· Code of Conduct · Agro-operadora de silos y bodegas
Compliance of Laws and Regulations
OPERADORA DE GRANOS ALMACENADOS S.A. DE C.V. and its employees are subject to the Law. Compliance of all applicable Laws and Regulations must never be compromised. Additionally, all employees must comply with the Internal Rules and Regulations that may apply during determined situations. Said Rules and Regulations are Company-specific and may go above and beyond than those that the Law requires.
Protection of Commercial Competency and Legality
OPERADORA DE GRANOS ALMACENADOS S.A. DE C.V. is prepared to successfully compete in the commercial world, and will always do so while fully complying with all the applicable Laws that pertain to the matters of competency protection, anti-monopoly, and commercial loyalty. Commercial policy and prices will be established in an independent manner and will never be agreed upon with competitors or other non-related parties. Employees must comply at all times with the following regulations:
Employees will not compete with the Company neither will they take personal advantage of the commercial opportunities that may arise while performing their employment duties and responsibilities for the Company, unless the Company has abandoned the interest of pursuing such commercial interest.
I. CONFLICT OF INTEREST
• The Employee’s personal activities and relations must not be in conflict with the Company’s interests.
• The Employees shall avoid situations where their personal interests come into conflict with the Company’s interests.

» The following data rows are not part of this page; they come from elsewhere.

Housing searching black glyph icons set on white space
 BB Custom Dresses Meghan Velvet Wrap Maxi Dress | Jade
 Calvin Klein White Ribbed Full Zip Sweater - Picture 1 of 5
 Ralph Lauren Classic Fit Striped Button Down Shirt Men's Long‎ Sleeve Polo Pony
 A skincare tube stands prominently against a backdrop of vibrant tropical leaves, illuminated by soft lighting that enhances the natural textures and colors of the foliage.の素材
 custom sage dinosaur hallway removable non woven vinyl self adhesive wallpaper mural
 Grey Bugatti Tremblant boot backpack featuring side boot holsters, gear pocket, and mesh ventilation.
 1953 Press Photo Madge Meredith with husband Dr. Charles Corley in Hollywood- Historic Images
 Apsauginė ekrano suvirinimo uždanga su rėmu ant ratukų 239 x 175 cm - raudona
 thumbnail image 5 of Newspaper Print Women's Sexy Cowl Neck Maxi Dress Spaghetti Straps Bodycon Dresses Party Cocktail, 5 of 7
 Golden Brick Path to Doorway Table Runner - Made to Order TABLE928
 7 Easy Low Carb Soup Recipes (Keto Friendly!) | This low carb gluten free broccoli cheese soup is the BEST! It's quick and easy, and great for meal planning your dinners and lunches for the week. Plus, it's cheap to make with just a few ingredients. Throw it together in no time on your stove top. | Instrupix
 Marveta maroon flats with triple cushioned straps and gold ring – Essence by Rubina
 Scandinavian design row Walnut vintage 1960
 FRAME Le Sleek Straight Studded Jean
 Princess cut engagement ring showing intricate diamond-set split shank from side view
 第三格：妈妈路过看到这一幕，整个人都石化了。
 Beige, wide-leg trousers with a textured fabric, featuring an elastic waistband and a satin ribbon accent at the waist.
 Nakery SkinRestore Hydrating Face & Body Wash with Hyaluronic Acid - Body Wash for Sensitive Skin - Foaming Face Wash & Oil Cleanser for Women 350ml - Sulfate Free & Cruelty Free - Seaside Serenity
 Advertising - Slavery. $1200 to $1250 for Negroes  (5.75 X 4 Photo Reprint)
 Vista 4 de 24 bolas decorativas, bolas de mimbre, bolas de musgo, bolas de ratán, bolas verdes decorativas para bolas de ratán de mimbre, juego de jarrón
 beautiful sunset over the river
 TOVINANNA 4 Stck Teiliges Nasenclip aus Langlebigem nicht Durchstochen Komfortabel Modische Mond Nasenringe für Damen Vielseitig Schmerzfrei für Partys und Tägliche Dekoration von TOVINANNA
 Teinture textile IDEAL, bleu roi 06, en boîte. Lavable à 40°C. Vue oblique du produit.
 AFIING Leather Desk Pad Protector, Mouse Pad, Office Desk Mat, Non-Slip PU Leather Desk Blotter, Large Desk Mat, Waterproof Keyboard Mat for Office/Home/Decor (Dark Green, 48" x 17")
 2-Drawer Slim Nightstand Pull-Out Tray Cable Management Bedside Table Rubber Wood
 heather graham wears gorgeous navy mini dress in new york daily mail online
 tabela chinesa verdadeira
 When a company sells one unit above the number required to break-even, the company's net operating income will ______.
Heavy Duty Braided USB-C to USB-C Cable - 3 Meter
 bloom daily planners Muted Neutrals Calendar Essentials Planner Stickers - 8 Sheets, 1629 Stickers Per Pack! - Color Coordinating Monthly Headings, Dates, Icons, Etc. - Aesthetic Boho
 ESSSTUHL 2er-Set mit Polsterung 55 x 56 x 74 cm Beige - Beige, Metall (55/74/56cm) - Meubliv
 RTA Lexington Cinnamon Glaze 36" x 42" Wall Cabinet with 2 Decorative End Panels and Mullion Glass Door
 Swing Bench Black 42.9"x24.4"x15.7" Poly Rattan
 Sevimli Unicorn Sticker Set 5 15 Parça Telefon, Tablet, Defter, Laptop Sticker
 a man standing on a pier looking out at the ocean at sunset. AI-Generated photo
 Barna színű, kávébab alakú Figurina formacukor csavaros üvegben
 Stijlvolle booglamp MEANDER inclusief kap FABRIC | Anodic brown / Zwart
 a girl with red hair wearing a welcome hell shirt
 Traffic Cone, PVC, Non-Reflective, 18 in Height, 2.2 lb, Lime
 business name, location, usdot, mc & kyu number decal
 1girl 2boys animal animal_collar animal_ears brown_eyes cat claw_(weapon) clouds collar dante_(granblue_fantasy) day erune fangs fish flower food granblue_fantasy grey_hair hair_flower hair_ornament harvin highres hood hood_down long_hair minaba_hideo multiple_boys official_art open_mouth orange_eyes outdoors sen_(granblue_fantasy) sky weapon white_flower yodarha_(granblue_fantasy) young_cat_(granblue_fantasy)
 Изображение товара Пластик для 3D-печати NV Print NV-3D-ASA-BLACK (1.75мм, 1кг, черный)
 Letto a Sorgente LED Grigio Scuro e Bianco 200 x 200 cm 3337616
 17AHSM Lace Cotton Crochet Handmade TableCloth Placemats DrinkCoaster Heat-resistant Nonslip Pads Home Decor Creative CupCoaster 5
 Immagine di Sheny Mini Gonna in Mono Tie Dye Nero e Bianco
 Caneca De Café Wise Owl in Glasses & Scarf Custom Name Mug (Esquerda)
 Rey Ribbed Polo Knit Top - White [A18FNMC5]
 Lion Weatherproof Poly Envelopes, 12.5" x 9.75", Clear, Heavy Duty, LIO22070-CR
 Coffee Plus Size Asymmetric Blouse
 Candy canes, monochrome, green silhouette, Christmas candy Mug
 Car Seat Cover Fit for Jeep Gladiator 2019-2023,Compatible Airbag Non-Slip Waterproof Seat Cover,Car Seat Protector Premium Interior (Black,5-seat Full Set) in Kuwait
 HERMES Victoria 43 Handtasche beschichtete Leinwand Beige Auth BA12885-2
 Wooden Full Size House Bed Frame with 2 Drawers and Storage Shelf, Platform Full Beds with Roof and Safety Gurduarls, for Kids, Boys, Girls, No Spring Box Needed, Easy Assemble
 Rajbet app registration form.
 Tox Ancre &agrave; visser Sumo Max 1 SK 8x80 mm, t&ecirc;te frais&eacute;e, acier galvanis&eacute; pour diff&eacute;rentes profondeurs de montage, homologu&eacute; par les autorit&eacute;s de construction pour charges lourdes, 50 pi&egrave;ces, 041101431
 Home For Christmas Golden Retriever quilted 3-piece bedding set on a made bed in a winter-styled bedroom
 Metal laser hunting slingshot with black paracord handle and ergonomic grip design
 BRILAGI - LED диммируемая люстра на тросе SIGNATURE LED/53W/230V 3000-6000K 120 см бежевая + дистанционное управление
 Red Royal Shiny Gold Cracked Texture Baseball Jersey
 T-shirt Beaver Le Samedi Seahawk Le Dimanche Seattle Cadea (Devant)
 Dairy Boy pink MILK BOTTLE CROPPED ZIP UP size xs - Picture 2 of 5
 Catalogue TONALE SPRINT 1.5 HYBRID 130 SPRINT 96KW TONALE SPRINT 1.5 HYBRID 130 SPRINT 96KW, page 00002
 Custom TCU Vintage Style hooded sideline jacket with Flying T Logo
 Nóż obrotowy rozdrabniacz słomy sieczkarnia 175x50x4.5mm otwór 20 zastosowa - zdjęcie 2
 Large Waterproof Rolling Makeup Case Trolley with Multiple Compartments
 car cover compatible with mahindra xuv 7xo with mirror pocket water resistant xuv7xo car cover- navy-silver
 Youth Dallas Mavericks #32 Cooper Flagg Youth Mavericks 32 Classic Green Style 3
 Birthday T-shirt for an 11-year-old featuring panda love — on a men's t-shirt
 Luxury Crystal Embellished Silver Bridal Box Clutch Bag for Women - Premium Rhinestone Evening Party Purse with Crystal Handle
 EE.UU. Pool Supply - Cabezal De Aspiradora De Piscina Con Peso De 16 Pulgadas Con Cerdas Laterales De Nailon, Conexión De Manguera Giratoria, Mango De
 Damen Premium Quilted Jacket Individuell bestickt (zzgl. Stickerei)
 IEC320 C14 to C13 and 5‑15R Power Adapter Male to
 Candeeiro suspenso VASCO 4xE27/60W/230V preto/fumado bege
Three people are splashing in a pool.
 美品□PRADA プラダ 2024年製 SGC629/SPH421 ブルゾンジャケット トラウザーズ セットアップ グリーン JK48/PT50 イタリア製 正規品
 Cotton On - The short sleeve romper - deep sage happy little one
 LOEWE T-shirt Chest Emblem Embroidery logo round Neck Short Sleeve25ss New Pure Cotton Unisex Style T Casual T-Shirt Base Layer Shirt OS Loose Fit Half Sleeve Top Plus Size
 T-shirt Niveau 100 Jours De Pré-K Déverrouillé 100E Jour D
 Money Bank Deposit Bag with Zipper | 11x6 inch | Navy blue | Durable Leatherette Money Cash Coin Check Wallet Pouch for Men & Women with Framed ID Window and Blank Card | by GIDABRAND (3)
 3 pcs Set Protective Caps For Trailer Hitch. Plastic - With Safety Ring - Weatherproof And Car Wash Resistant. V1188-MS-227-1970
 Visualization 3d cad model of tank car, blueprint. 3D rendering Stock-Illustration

• The Employees must never be involved in fraudulent acts, or in any other dishonest conduct, involving property, financial assets and/or accounting belonging to OPERADORA DE GRANOS ALMACENADOS S.A. DE C.V., or of those belonging to a Third Party.
• Any such activity will result in disciplinary actions, and the Company may decide to press criminal charges against the Employee.
II. FINANCIAL RECORDS
• The financial records of any company including, but not limited to, attendance slips, sales records and expense informs, must be generated and handled in an exact and timely manner and in accordance with the Law. These records are the base to manage the Company operations and to fulfill its responsibilities before the General Manager, Employees, Clients, Suppliers and Regulating Authorities.
• If an Employee is aware of any violations to the Code of Conduct from behalf of a Third Party, the Employee is responsible of reporting such activities, otherwise such Employee will also be considered to be in violation of the Code of Conduct.
Exact record keeping is everyone’s responsibility; it is always advisable to inspect them prior to being submitted.
• Financial activities must be logged in its respective account, department and fiscal period. Delaying or paying receipts in advance in order to reach budget goals is a violation of the Code of Conduct.
• Never falsify a document, nor dishonor the true nature of any operation of transaction.
• All operations and transactions must be backed by exact records.
• All reports submitted to Regulating Authorities must be done so in a correct, precise, legible and timely manner.
• All Employees must cooperate with investigations that pertain to the preciseness and timeliness of financial records.
• Estimations and accumulations in the Company’s reports and records must be backed by the respective documents as they may present themselves, and must be done so in good faith.
III. USE OF COMPANY ASSETS
• Company assets must not be used for personal benefit, for the benefit of any other party, or for any not being those of the Company.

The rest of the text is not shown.